Without any images, write the data out exactly as it appears.

> _The data_:

━━━

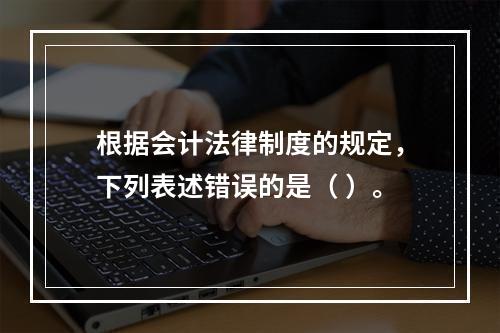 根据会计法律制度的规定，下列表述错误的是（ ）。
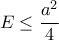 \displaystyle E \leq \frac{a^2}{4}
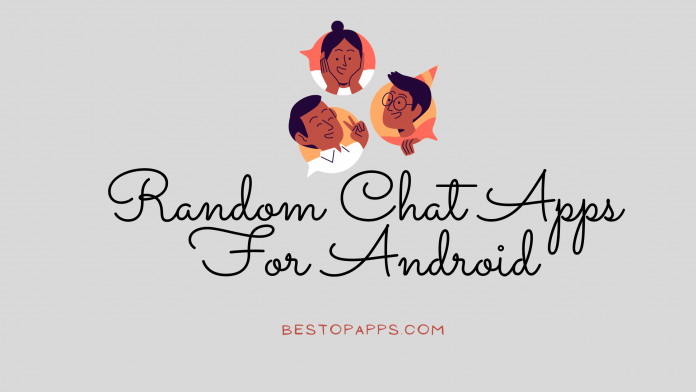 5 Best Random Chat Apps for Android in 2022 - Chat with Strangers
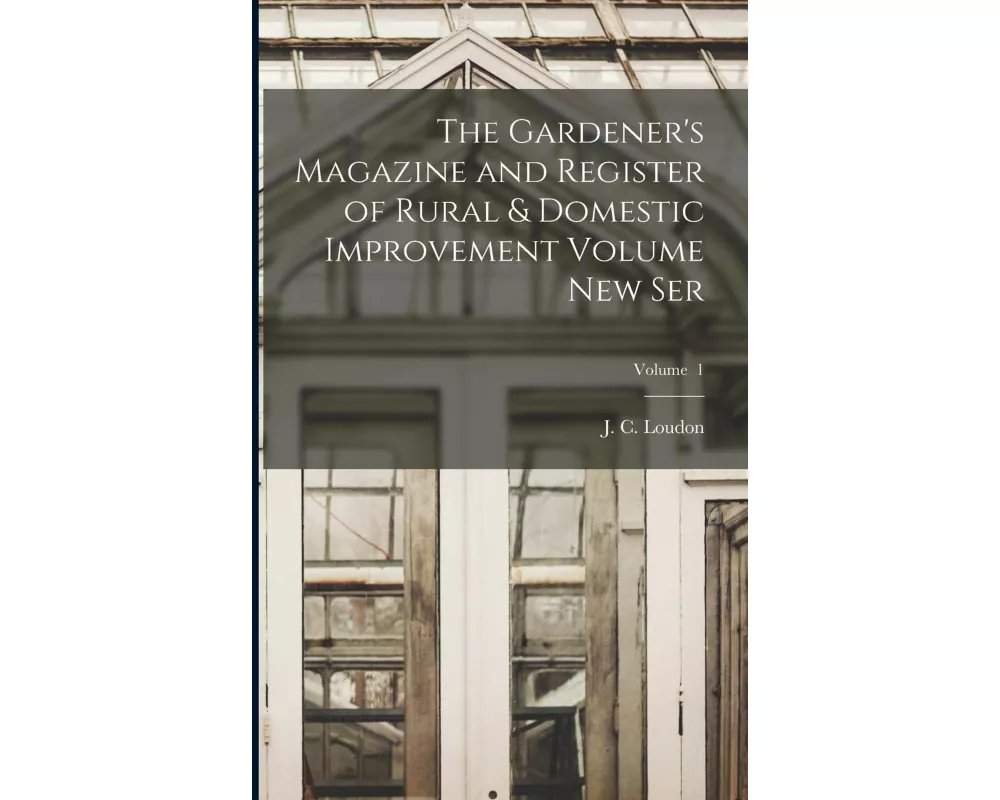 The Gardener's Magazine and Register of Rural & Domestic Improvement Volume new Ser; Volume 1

━━━

> _Solution to this exercise_:
 根据会计法律制度的规定，下列表述错误的是（ ）。
 \displaystyle E \leq \frac{a^2}{4}
 5 Best Random Chat Apps for Android in 2022 - Chat with Strangers
 The Gardener's Magazine and Register of Rural & Domestic Improvement Volume new Ser; Volume 1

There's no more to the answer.